It was intentionally designed for programmers with limited skill.

Go language creator Rob Pike:

> The key point here is our programmers are Googlers, they’re not researchers. They’re typically, fairly young, fresh out of school, probably learned Java, maybe learned C or C++, probably learned Python. They’re not capable of understanding a brilliant language but we want to use them to build good software. So, the language that we give them has to be easy for them to understand and easy to adopt.

4 comments

Not that true; it was dessigned as the C succesor for Unix. The Go counterpart for the Post-Unix OS would be Inferno and Limbo. 9front has a C and compiler suite (among CSP) which is like the link between their Unix/C and modern Go. Literally as the first Go releases used C plan9 compilers.
> It was intentionally designed for programmers with limited skill.

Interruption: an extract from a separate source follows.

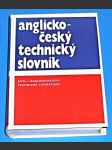 Anglicko-český technický slovník - náhled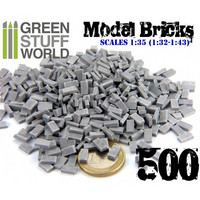 Model Bricks Grey (500 pcs)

No. That is not true. It was designed as a language so programmers of all levels can be productive at the scale of what Google does and across possibly many different teams, no matter your prior background. Google does a lot at scale and a language that is easy to pick up and handles concurrency seamlessly is definitely a helpful tool.

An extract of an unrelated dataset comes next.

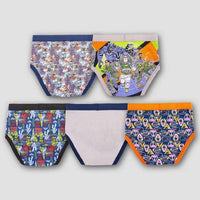 Boys' Pixar Buzz Lightyear 5pk Briefs Underwear Size 4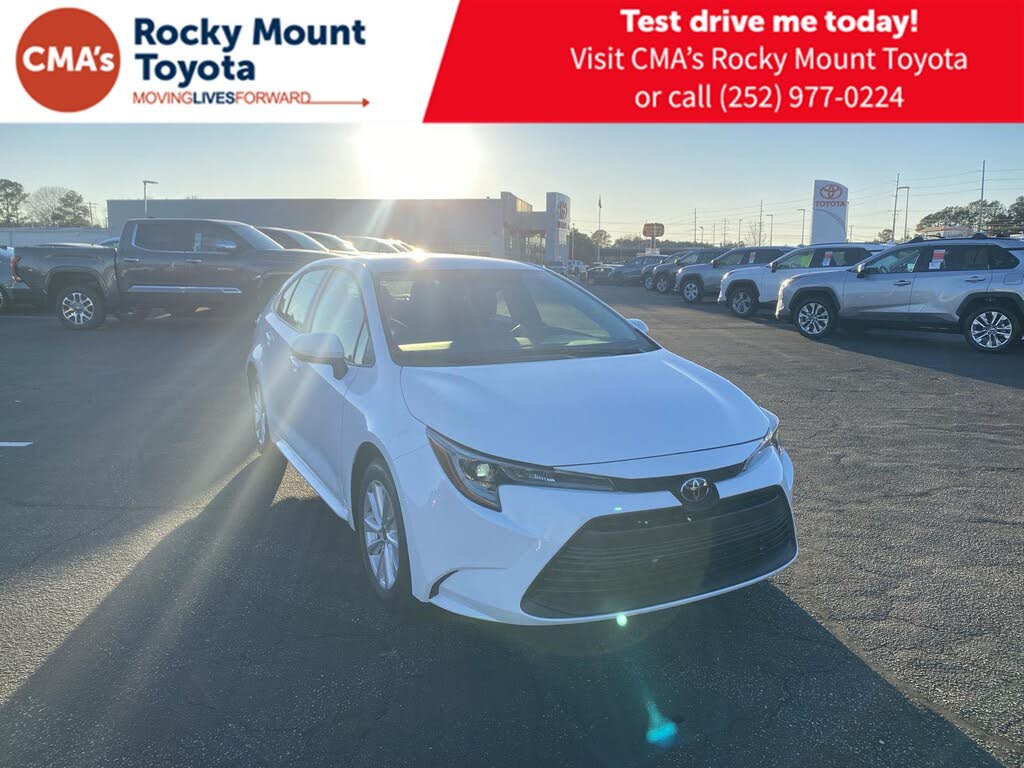 2026 Toyota Corolla LE FWD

Nope, it was designed by one Oberon, and two UNIX heads, disgruntled to be faced with C++ at their work, they happened to be working at Google, and got support from their managers for developing it further.

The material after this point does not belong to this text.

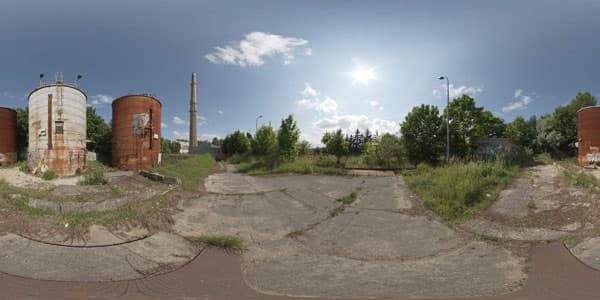 HDR 044 Silos - Gallery 1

Thanks to Docker pivoting from Python into Go, and Kubernetes from Java into Go, while it was still pre-1.0, it managed to take off, and has more users outside Google than at Google itself, where Java, Kotlin, C++, Python still dominate most projects outside Kubernetes ecosystem.

There is a certain irony that Google would need a language like Go, given their hiring process.

Go it's just condensed Plan9 C philosophy (and Limbo/Alef) for legacy Unix users. If we ditched Unix in the 90's being Inferno and Plan9 under a libre licenses GNU would be running Emacs under an Inferno kernel.

Also, proper namespaces from the start, Unicode, 9p even under Emacs and who knows what. Oh, and fore sure far less exploits, and with no Kubernetes or Docker nonsense. Half of VC's would be bankrupt today because damn namespaces would do the 90% of today's backends seamlessly.

And maybe we would be using some Inferno based smartphone with custom UI's and programming in Limbo for that. Oh, and batteries lasting a week for sure.

Except that it throws away many nice things about Inferno and Limbo, and also proves the point that techonlogy needs good sponsors to make it out into the market..
> They’re not capable of understanding a brilliant language

What a coincidence, since Rob Pike wasn't capable of designing a brilliant language.

Such a weird take from him since Go has a bunch of pit falls that are not needed at all.